Look through the data for the string "Vans". Copy every line where it is found.

----------

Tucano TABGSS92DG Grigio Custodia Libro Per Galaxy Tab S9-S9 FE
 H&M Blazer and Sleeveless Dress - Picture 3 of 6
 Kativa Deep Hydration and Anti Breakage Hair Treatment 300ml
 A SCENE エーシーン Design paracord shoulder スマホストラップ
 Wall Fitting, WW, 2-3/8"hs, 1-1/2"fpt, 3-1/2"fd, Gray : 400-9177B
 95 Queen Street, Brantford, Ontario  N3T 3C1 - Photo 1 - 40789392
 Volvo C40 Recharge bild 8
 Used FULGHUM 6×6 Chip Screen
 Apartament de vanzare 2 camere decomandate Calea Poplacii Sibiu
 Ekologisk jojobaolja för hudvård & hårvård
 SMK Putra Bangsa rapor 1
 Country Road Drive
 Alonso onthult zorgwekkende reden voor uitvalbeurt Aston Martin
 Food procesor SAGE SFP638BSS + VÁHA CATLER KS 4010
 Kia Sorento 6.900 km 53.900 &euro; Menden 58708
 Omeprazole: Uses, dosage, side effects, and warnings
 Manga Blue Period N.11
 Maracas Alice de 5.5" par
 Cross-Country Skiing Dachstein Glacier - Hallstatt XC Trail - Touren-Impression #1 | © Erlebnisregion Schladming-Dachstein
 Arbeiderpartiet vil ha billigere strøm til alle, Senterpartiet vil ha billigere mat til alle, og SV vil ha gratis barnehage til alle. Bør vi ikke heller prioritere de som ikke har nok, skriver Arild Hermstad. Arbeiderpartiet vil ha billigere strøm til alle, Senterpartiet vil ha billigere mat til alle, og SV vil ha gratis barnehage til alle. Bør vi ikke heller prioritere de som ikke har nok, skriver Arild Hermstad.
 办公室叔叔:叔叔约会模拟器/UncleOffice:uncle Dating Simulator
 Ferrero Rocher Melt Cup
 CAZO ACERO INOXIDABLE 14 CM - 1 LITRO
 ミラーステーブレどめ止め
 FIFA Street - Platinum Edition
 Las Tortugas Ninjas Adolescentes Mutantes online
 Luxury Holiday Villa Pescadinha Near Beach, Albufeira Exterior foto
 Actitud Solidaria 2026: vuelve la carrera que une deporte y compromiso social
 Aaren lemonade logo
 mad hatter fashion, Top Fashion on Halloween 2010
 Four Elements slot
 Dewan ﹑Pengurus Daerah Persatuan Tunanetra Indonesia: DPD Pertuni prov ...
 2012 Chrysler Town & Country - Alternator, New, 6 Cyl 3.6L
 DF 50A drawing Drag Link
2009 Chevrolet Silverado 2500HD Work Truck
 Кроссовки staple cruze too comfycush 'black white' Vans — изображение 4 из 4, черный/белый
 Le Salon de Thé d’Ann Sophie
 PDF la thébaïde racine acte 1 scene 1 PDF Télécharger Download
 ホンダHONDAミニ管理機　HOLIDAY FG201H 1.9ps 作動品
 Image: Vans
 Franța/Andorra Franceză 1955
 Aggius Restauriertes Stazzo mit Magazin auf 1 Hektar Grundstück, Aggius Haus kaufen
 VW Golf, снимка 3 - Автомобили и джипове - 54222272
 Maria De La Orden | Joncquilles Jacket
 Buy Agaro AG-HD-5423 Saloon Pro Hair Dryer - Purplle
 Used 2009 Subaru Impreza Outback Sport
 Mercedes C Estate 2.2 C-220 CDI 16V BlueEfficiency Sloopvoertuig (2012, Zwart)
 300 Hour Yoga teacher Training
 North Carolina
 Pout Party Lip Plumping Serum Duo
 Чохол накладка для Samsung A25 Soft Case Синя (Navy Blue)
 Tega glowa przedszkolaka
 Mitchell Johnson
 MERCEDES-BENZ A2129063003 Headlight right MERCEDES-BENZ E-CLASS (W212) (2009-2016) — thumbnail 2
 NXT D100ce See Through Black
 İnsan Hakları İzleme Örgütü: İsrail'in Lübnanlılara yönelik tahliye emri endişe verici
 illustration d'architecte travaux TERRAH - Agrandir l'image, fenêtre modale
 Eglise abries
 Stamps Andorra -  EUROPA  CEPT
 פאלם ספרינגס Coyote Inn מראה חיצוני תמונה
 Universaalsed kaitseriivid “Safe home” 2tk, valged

----------

SOLUTION TO THE PROBLEM:
 Кроссовки staple cruze too comfycush 'black white' Vans — изображение 4 из 4, черный/белый
 Image: Vans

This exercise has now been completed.